乳量は、遺伝的能力、栄養、管理、健康状態の相互作用で決まります。高い遺伝的潜在力を持つ牛でも、泌乳曲線を適切に管理しなければその能力を十分に発揮できません。本稿では、泌乳曲線の生理、ピーク乳量を左右する因子、栄養最適化、搾乳頻度、暑熱ストレス対策、快適性管理、群レベルの生産監視を整理します。
ピーク乳量の経済的重要性
ピーク乳量が1 kg増えるごとに、305日泌乳量はおおむね200〜250 kg増加すると報告されています(Keown & Everett, 1986)。トルコの多くのホルスタイン群では1泌乳7,000〜8,500 kg程度ですが、移行期管理、採食量、乳房の健康、快適性を守れれば10,000 kg超も十分に狙えます。
1. 泌乳曲線の生理
泌乳曲線は分娩から乾乳までの乳量変化を示します。Wood(1967)のモデルでは、立ち上がり期、ピーク期、下降期の3相に分けられます。曲線の形は遺伝、栄養、産次数、移行期の成功、疾病負荷、環境に左右されます。

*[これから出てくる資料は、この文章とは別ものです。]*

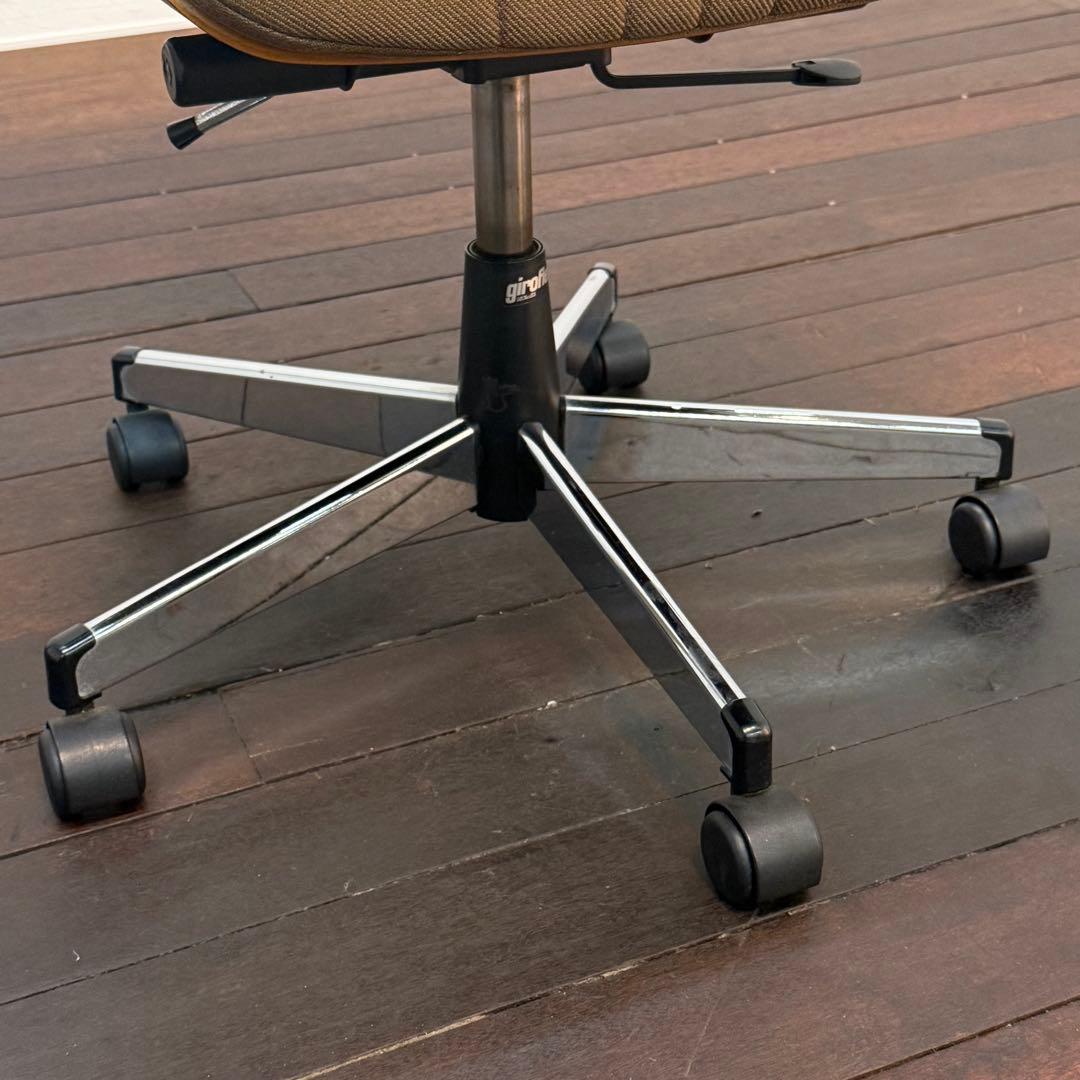 H21K2b giroflex ブラサ プライウィッド 83 デスクチェア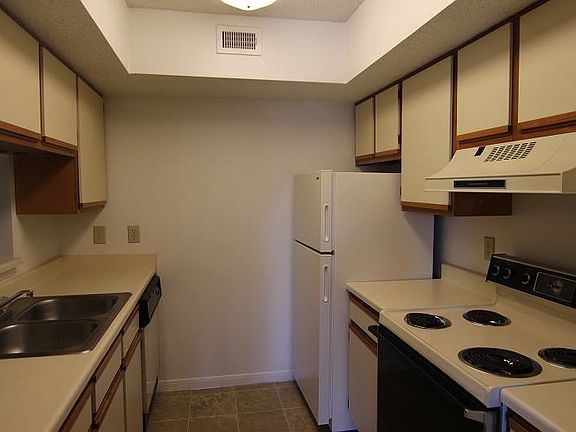 Fully Equipped Kitchen, Just bring a Microwave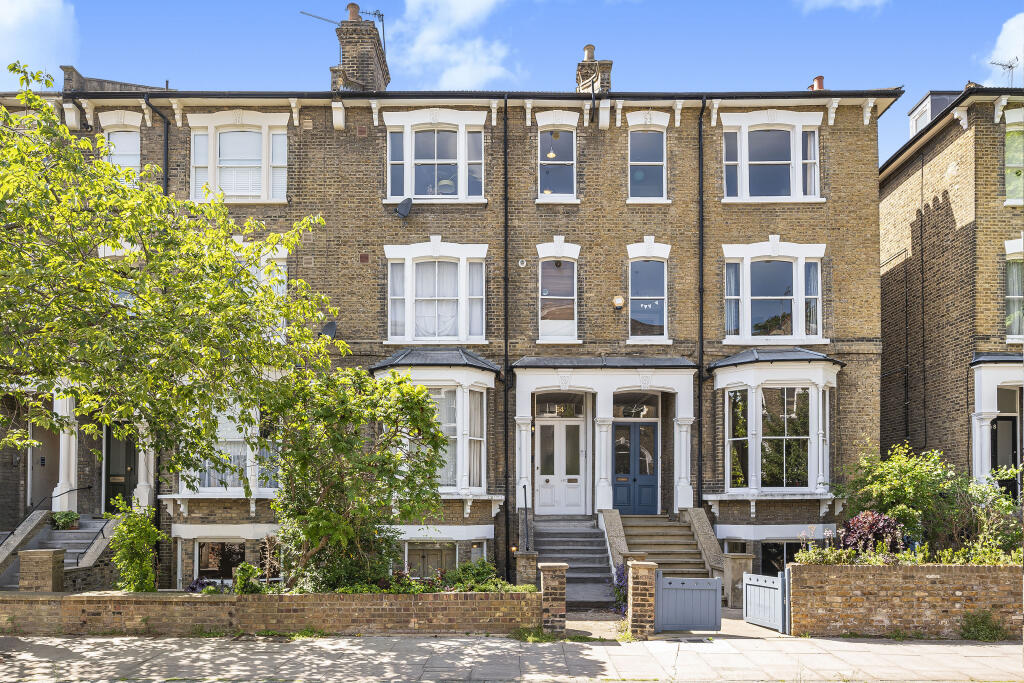 Main image of property: Highbury Hill, London, N5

| 泌乳相 | 期間 | 乳量の傾向 | 重要な管理点 |
|---|---|---|---|
| 立ち上がり期 | 分娩から6〜8週 | 急速に増加してピークへ向かう | 乾物摂取量を最大化し、代謝病を防ぎ、ルーメン適応を進める |
| ピーク期 | 6〜10週 | 1日当たり乳量が最大 | ピークを守り、NEBを抑え、乳房の健康を維持する |
| 下降期 | ピーク後から乾乳まで | 月単位で徐々に減少 | 持続性と繁殖成績を保つ |
持続性とは、ピーク後に乳量がどの程度ゆっくり低下するかを示します。月当たり5〜8%の低下なら良好、10%を超えると不良と考えられます。初産牛は経産牛よりも持続性が良いことが一般的です。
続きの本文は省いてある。